Mentzer made her Metropolitan Opera debut in the role of Cherubino on January 4, 1989. Further roles she has sung at the Met include Octavian, Idamante, Nicklausse in Offenbach's Les Contes d'Hoffmann, the composer in Ariadne auf Naxos, Rosina in Rossini's Il barbiere di Siviglia, Dorabella in Mozart's Così fan tutte, Mélisande in Debussy's Pelléas et Mélisande, Meg Page in Verdi's Falstaff, Marcellina in The Marriage of Figaro.

She has also appeared at Lyric Opera of Chicago, the San Francisco Opera, the Houston Grand Opera, La Scala, Covent Garden, Vienna State Opera, the Cologne Opera the Opéra de Paris and at the Salzburg Festival.
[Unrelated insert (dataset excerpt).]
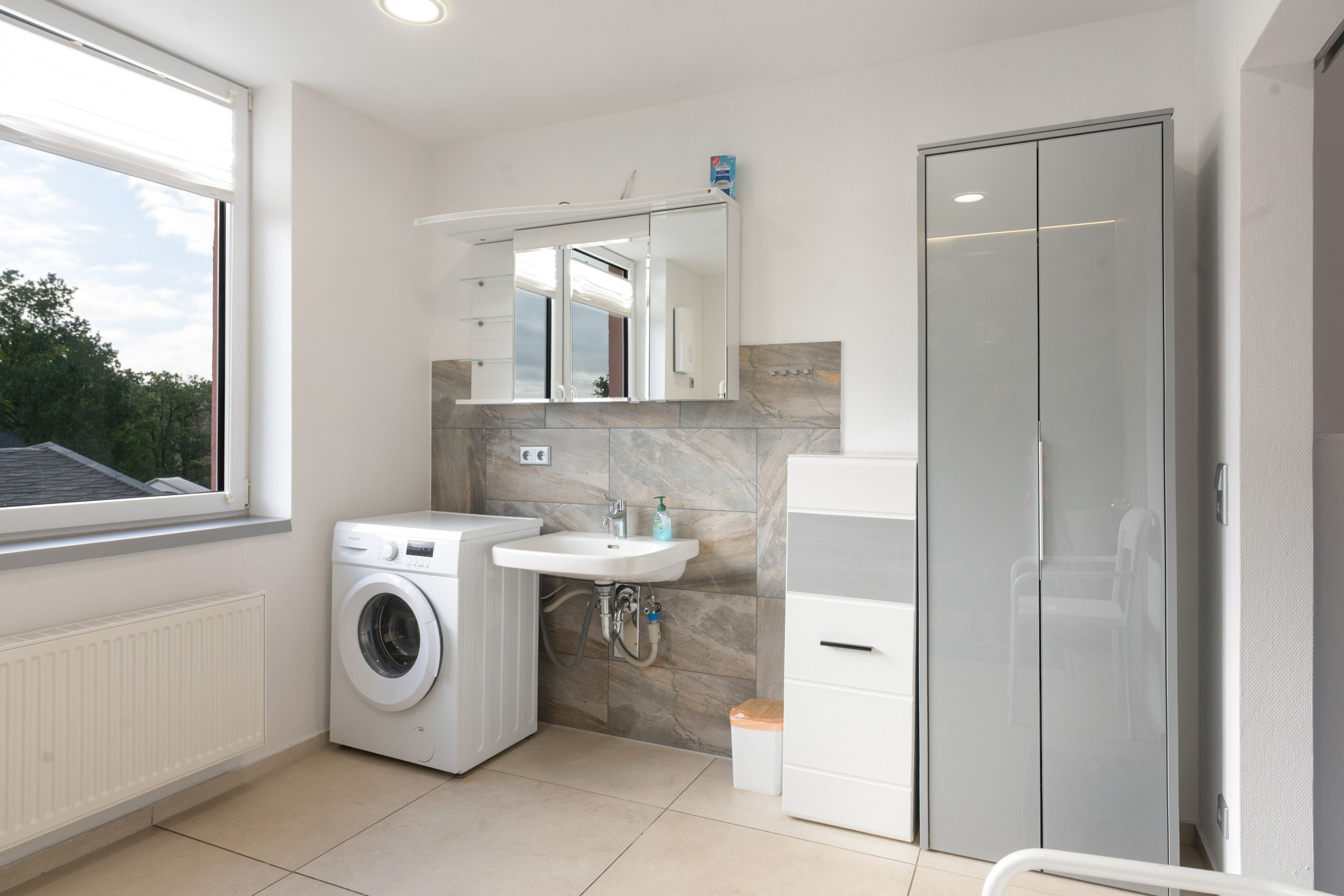 Un baño moderno con lavadora, lavamanos y zona de ducha.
Besides the roles she has sung at the Metropolitan Opera, her operatic repertoire includes Zerlina in Mozart's Don Giovanni, the title role of Rossini's La Cenerentola, Dido in Purcell's Dido and Aeneas, Adalgisa in Bellini's Norma and Jane Seymour in Donizetti's Anna Bolena.
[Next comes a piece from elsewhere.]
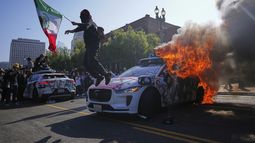 Un manifestante salta desde un taxi Waymo en llamas cerca del centro de detención metropolitano el domingo 8 de junio de 2025, en el centro de Los Ángeles. (AP Foto/Eric Thayer)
In addition to many audio recordings, Mentzer has appeared on television in performances of Le nozze di Figaro, Così fan tutte and the First Emperor and on DVDs in performances of Don Giovanni, Les Contes d'Hoffmann, The First Emperor and Mahler's Resurrection Symphony.

Through 2012, she served on the faculty of Rice University's Shepherd School of Music. She previously served on the faculty of DePaul University. She currently has a private studio based in San Francisco. In 2016, Mentzer joined the voice faculty of the San Francisco Conservatory of Music.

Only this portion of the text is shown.